■ **Stored data**:
------------------------------

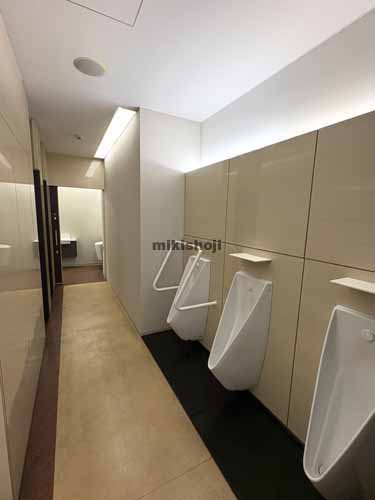 南青山のヒューリック青山外苑東通ビル 水回り5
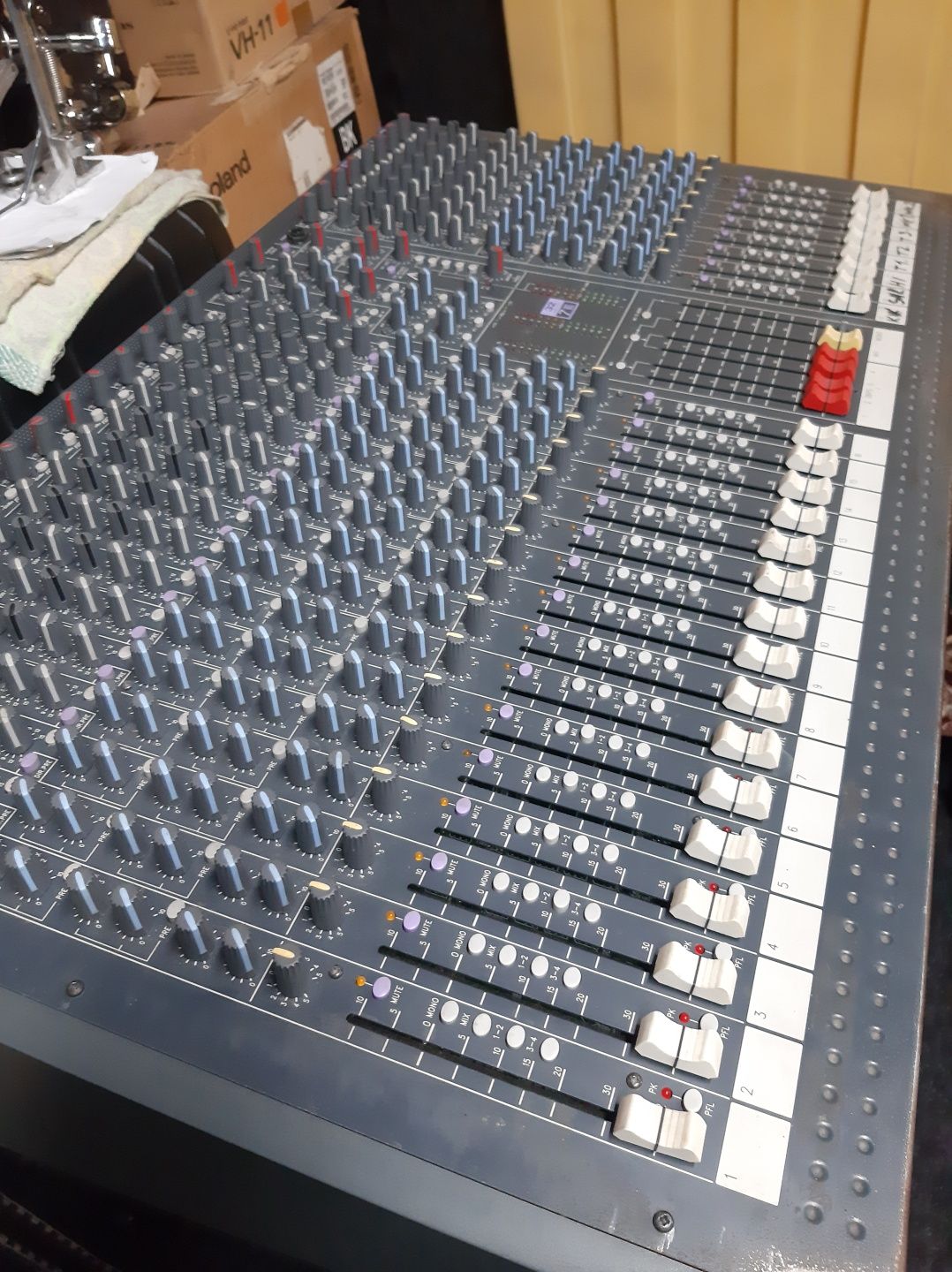 Vand mixer analog soundcraft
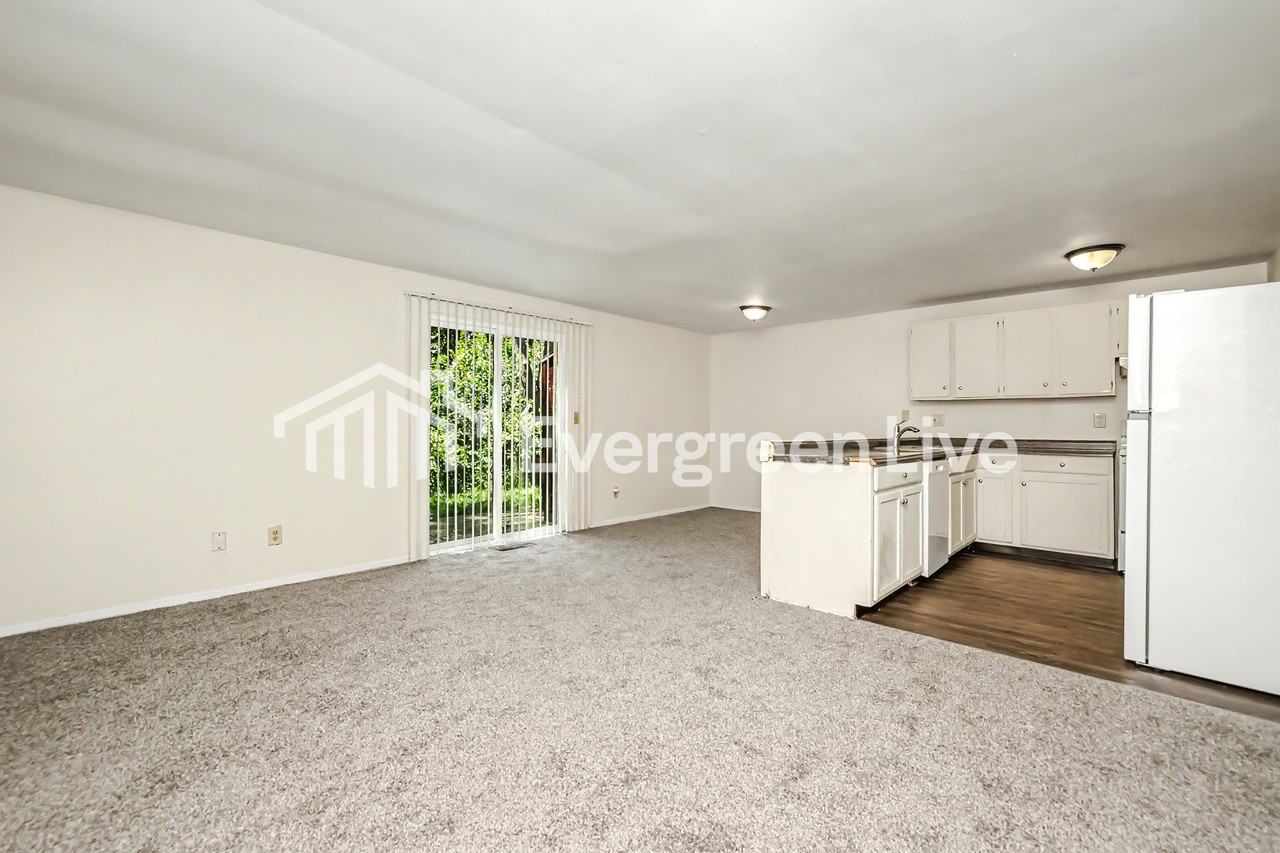 8229 Mount Carmel St - Photo 6 of 15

------------------------------

■ **Exercise**:
Before handing back the copy, remove the pictures; otherwise print the data exactly.

■ **Response**:
 南青山のヒューリック青山外苑東通ビル 水回り5
 Vand mixer analog soundcraft
 8229 Mount Carmel St - Photo 6 of 15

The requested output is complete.